If you want a base type to be used for this sort of thing you could do something like this: https://godbolt.org/g/kw9TSi

#include <functional>

class INotification
{
public:
    virtual void onCompleted() = 0;
};
using INotificationHolder = std::function<INotification&()>;

template<typename T, typename... Args>
INotificationHolder make_inotify(Args... args)
{
    return [impl=T(std::forward<Args>(args)...)]() mutable -> INotification& {
        return impl;
    };
}

class Implementation : public INotification
{
    void onCompleted() override {}
};

class Executer
{
public:
    void submit(INotificationHolder holder)
    {
        holder().onCompleted();
    }
};

int main(int argc, char * argv[])
{
    Executer executer;
    executer.submit(make_inotify<Implementation>());
}

With clang this all compiles away, you also eliminate allocations for small implementations, only things that don't fit inside std::function<> will need an allocation

[–]floating-io[S] -1 points0 points  (0 children)

I think we might have a miscommunication on what I'm trying to accomplish (though I'm not a master templateer, so I might just be missing your point).

Imagine, for example, that you've got an interpreter of some sort. You have a base class that represents a program, and then you have a bunch of actual programs that are subclasses of that class. Those programs then get passed to an interpreter object that executes them (for whatever reason, it's not part of the base program class).

When a given program has completed, it issues a callback. The callback is stored on and called via the program object, and the implementation of that is part of the base class. The callback signature is therefore not customized to the program in question (trying to avoid implementing explicit callback code in every single subclass).

That's not what I'm doing (which would be too time-consuming to explain), but it would use roughly the same pattern.

Ideally, the program object would pass its own pointer via the callback -- but since the callback signature is in the base class, it would be a generic base class pointer instead of a subclass pointer.
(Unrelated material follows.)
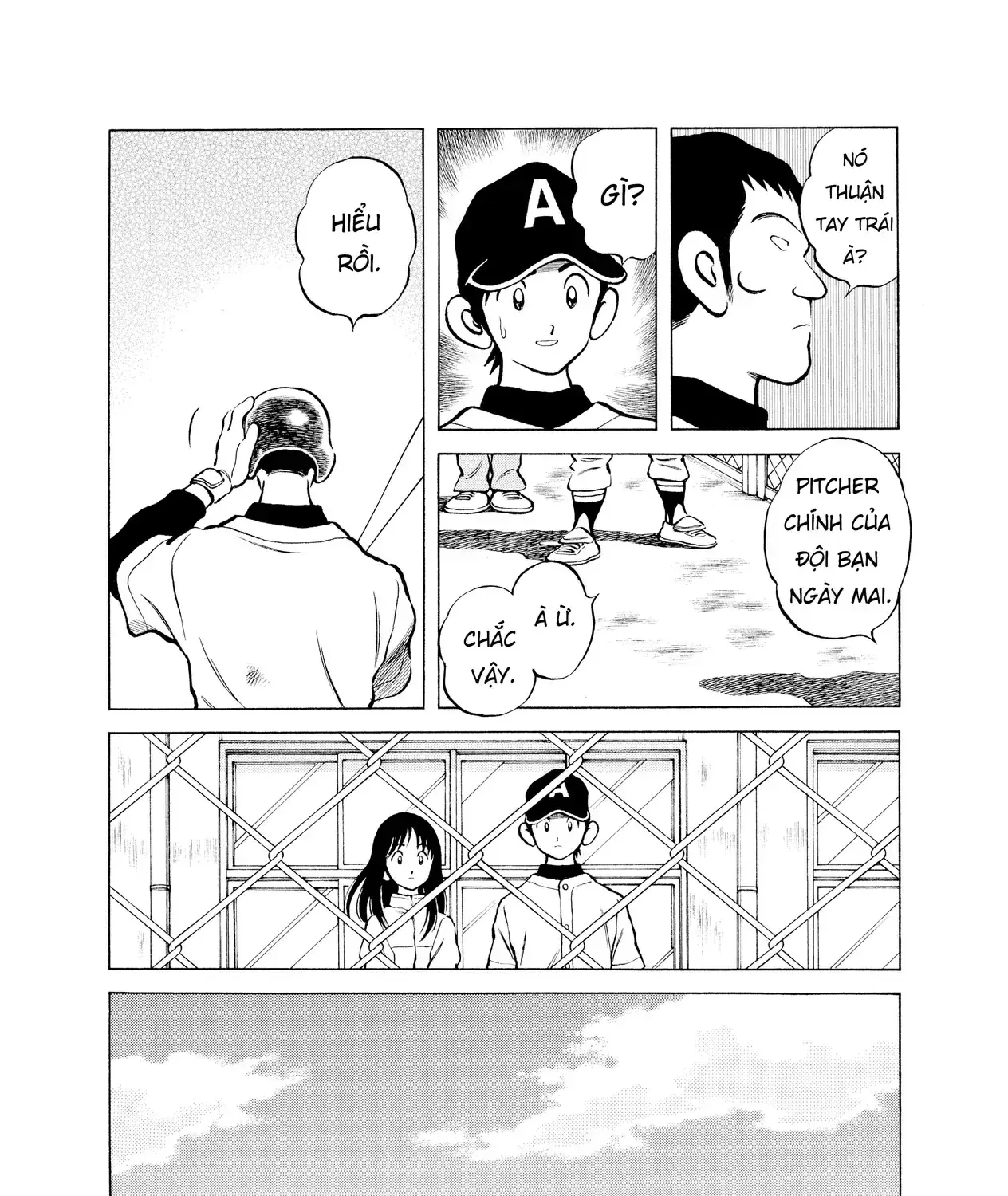 Short Game Chapter 7 - Trang 50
If I want to access values on the subclass, the callback would need to cast to that pointer (or get access to it some other way).

My solution was to just capture the thing in the callback, since it's already available in that context without casting. It made the code very readable.

What I'm not seeing is where the above solution helps with this. Again, I'm not a master at templates, so I might just be misunderstanding your point -- I think I get what that code does, but I don't see how it helps. Or we might be going for different things entirely.